4. GroundingDocQA Data Engine: Creating Multi-Span and Multi-Granular Supervision
To fill the gap where existing document grounding data only contains boxes and lacks hierarchical clues, the authors constructed GroundingDocQA with 200,000 documents and 2 million QA pairs using three complementary pipelines. ① Layout-aware Documents: Uses the REPLICA engine to convert documents into high-fidelity HTML (Fid-HTML) that preserves spatial structure. LLMs generate QA pairs with associated HTML element IDs, which are mapped to bounding boxes and then to pixel masks for phrase, line, and block levels. ② Curved Text Documents: Employs curved text segmentation to get pixel-level masks, used as "highlight" prompts for a VLM to generate QA pairs ensuring precise alignment. ③ Charts: Executes plotting scripts to render charts, intercepting drawing library functions to record exact element bounding boxes, thus avoiding detection errors.
Loss & Training¶
The model is optimized end-to-end for text generation and mask prediction. \(L_{lm}\) is standard cross-entropy; \(L_{seg}\) uses Dice + BCE with decreasing coefficients for phrase/line/block (BCE: 2.0 / 1.0 / 0.5, Dice: 1.0 / 0.5 / 0.25). Weights are fixed at \(\lambda_{lm}=1\), \(\lambda_{seg}=2\), \(\lambda_{bleed}=\lambda_{hier}=0.5\). The optimizer is AdamW with a learning rate of \(2\times10^{-6}\), 3% warmup, and cosine decay. Two backbone variants were used: M3Grounder-I (InternVL3.5-8B) and M3Grounder-Q (Qwen3-VL-8B), both paired with SAM. Training utilized 64 H100 GPUs.
Key Experimental Results¶
Main Results¶
Comparison on four grounding benchmarks using F1g (IoU>0.5) for grounding and G-Eval for Answer Quality (AQ). SS/MS denote Single/Multi-span F1g; CS denotes the Curved/Slanted subset.
| Model | Scale | BD-Test F1g | DOGR-Bench F1g | MMDoc IoU | GroundingDocQA F1g | GroundingDocQA CS |
|---|---|---|---|---|---|---|
| Gemini-2.5-Pro (Comm.) | – | 70.0 | 59.3 | 49.4 | 43.4 | 32.1 |
| InternVL3.5 (Zero-shot) | 8B | 41.5 | 12.5 | 15.5 | 7.6 | 6.3 |
| Qwen3-VL (Zero-shot) | 8B | 44.5 | 27.6 | 28.7 | 12.8 | 11.6 |
| DOGR (Grounding-spec.) | 8B | – | 66.4 | – | – | – |
| Qwen3-VL Finetuned | 8B | 62.3 | 35.8 | 43.4 | 60.6 | 38.3 |
| M3Grounder-I | 8B | 77.2 | 69.6 | 65.5 | 71.3 | 81.7 |
| M3Grounder-Q | 8B | 81.4 | 73.3 | 68.2 | 79.0 | 85.3 |
Both variants achieved open-source SOTA across all benchmarks. Most notably, on the Curved/Slanted (CS) subset, M3Grounder-Q reached 85.3, far exceeding Gemini-2.5-Pro (32.1) and finetuned Qwen3-VL (38.3), proving that segmentation fits irregular geometries better than boxes.

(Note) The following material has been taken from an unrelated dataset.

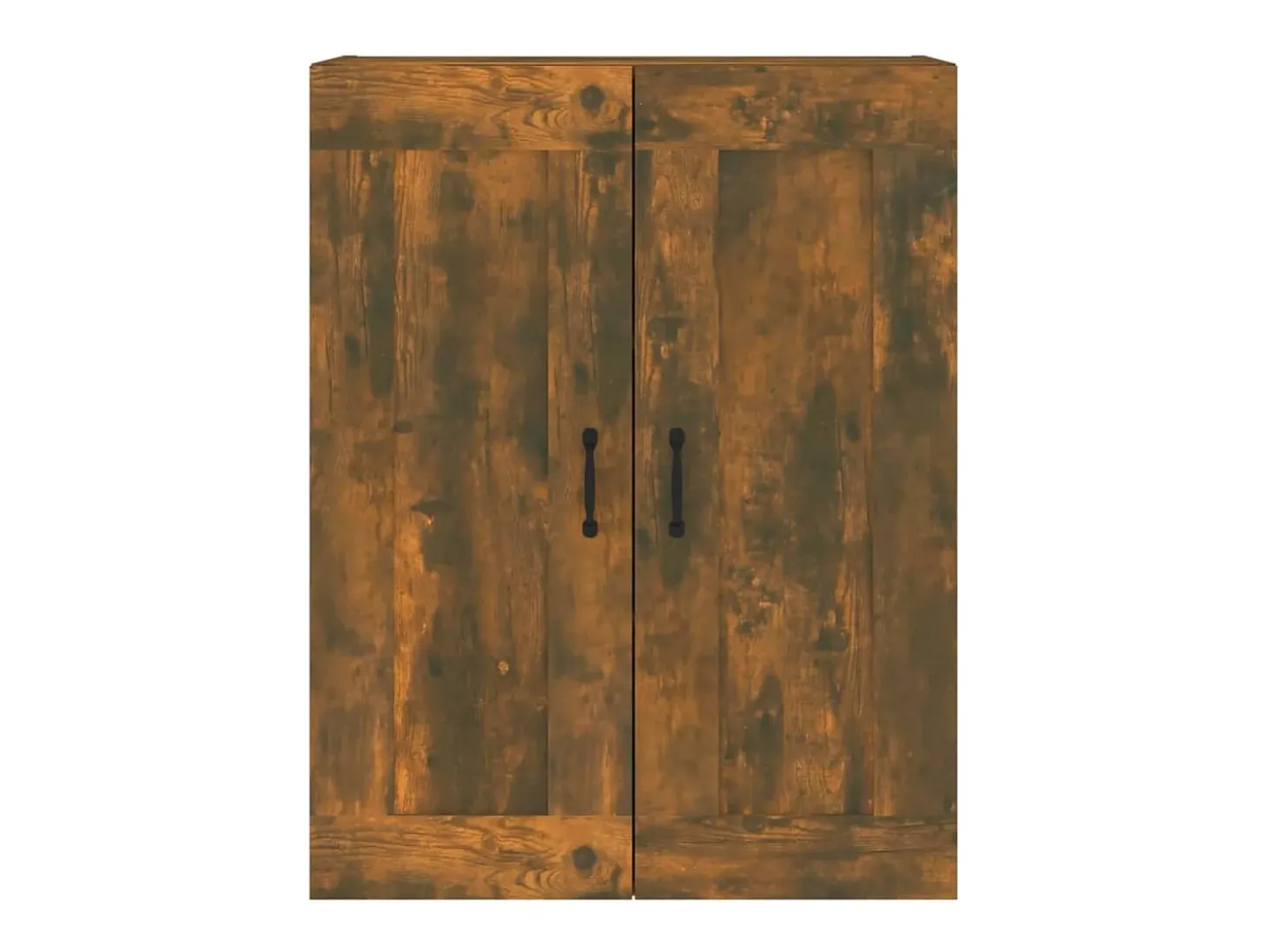 Armario de pared colgante de roble ahumado 69,5x32,5x90 cm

Multi-granular results (GroundingDocQA-Bench, F1g):
| Model | Phrase | Line | Block |
|---|---|---|---|
| M3Grounder-I | 71.3 | 74.9 | 82.5 |
| M3Grounder-Q | 79.0 | 81.37 | 87.5 |
Ablation Study¶
Tested on hierarchy, loss terms, and finetuning strategies.
| Configuration | GR-B Phrase | GR-B Block | Description |
|---|---|---|---|
| Full M3Grounder-Q | 79.0 | 87.5 | Full model |
| w/o Hierarchy (Phrase only) | 71.3 | – | Removing multi-granularity drops F1g from 79.0 to 71.3 |
| Shared MLP + SAM Default | 63.6 | 77.6 | Replacing 3 heads with SAM single head causes total performance drop |
| \(L_{lm}+L_{seg}\) (Base) | 74.0 | 84.4 | Baseline without auxiliary losses |
| \(+\,L_{hier}\) | 78.2 | 84.7 | Adding hierarchical loss shows stable improvement |
| \(+\,L_{bleed}\) | 77.3 | 86.5 | Adding bleed suppression provides stable gains |
| LoRA (PEFT) | 61.5 | 75.7 | PEFT is significantly inferior to full finetuning |
Key Findings¶
- Multi-granular supervision is the biggest contributor: Removing the hierarchy drops performance from 79.0 to 71.3.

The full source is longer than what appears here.